A team of International Olympic Committee experts will spend three days each in Los Angeles and Paris over the next week evaluating the two bids for the 2024 Summer Olympics.
The evaluation commission will begin its review of Los Angeles' bid Wednesday and Paris' bid Sunday. In those three-day visits, the bid leaders will seek to demonstrate why their city is best to host the Games even as the IOC considers an option of awarding each city an Olympics in a dual award for 2024 and 2028.
Up first, Los Angeles will seek to demonstrate how it can deliver on its low-risk, no-surprises promise.
"What will be really interesting here is if Los Angeles doesn't spend all its time saying how lavish we can do things but here's how we can do things affordably and on budget," said Victor Matheson, an economist at Holy Cross who has studied the Olympics. "Which would be, of course, a totally different idea from what we've totally seen but would certainly be in line with what the IOC says it's looking for."
Los Angeles has proposed a $5.3 billion bid that relies almost entirely on existing venues. It's tailored to Agenda 2020, which the IOC created to reduce the cost of bidding and create a more sustainable model for the Olympics.
The 2024 race is the first under the agenda and a test of the IOC's commitment to change after recent Games in Rio de Janeiro, Sochi and Beijing, among others, have run billions over budget while failing to deliver on their promised legacies.
With only two remaining cities for a second consecutive bidding cycle, the IOC has tasked its vice presidents to study changes to bidding. They are considering awarding the 2024 and 2028 Olympics when the IOC meets to vote in September, with Los Angeles and Paris each getting one of the two.
While seeing Los Angeles' venues is the most visible measure of the bid, the IOC evaluation commission will examine other areas such as finance, transportation and marketing, said John Mac-Aloon, a professor at the University of Chicago.
MacAloon was an adviser on New York's bid for the 2012 Olympics and part of Chicago's bid for the 2016 Games.
"It's an intense face-to-face, formal committee hearing, if you will, on the propositions that are offered, as well as an opportunity for the experts to get a direct sense of the lay of the land," he said.
The commission also will consider things such as the impressions they get from bid leaders as well as city and public support.
One advantage Los Angeles has over the previous two U.S. bids is improved relations with the IOC, MacAloon said. "It's a challenge for us Americans to hit the right tone," he said.
The commission's work culminates in a report delivered to the IOC on July 5 in advance of a technical briefing a week later.
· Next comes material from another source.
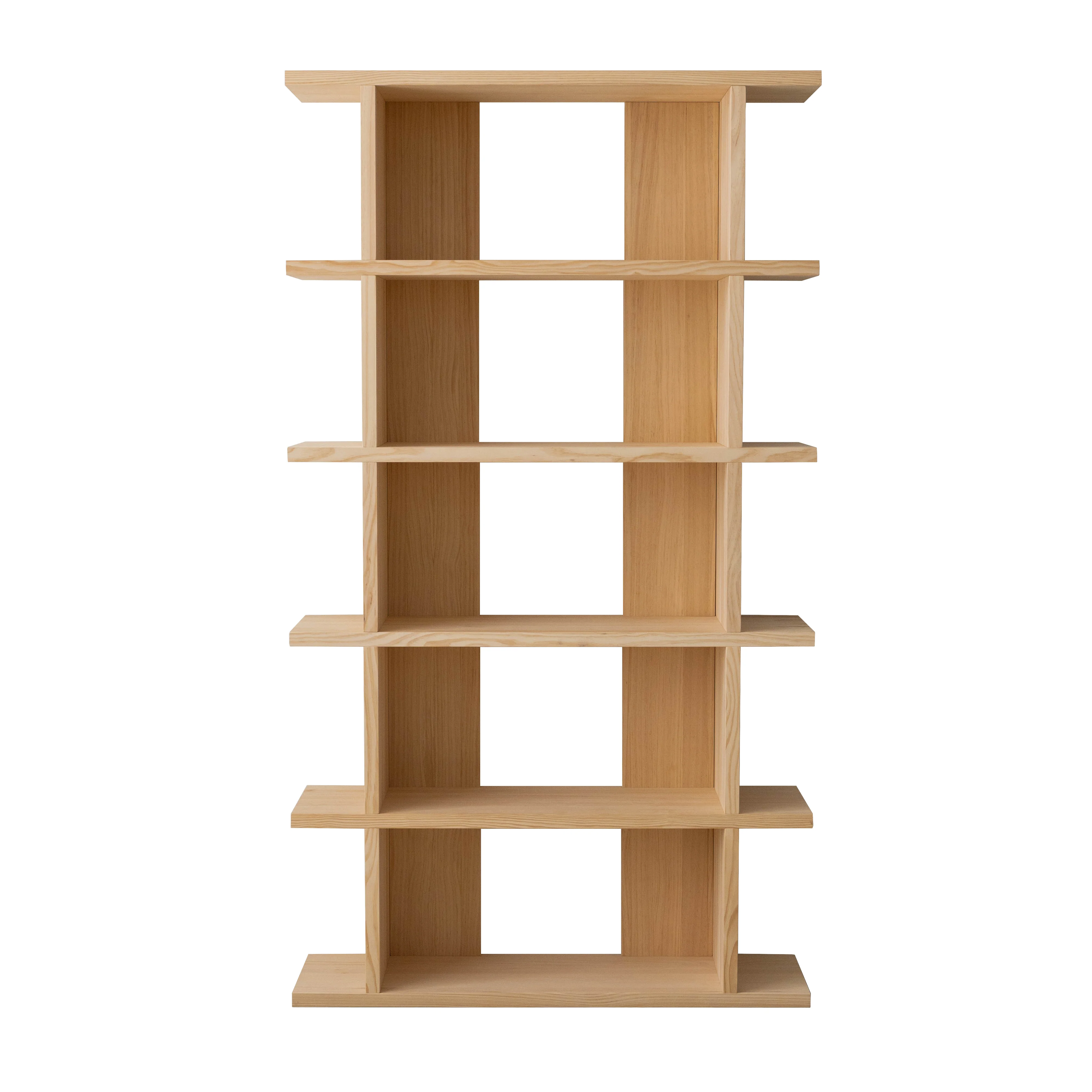 Castell solid wood bookcase 106.5 x 190 cm - Image 12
That report would include any challenges but will highlight opportunities and is expected to be favorable to both cities.
"It becomes a bit of an interpretation games of reading between the lines as to what is or is not being hinted at by the evaluation commission about the relative strengths or weaknesses of the various bids," MacAloon said.
"They're very subtle in how they formally present their results, but of course the bid committees have other sources of information.
"And it's important to know that the IOC members, who are the only real targets, for their final secret ballot may or may not pay that much attention to the evaluation committee findings. That varies a great deal among the IOC members."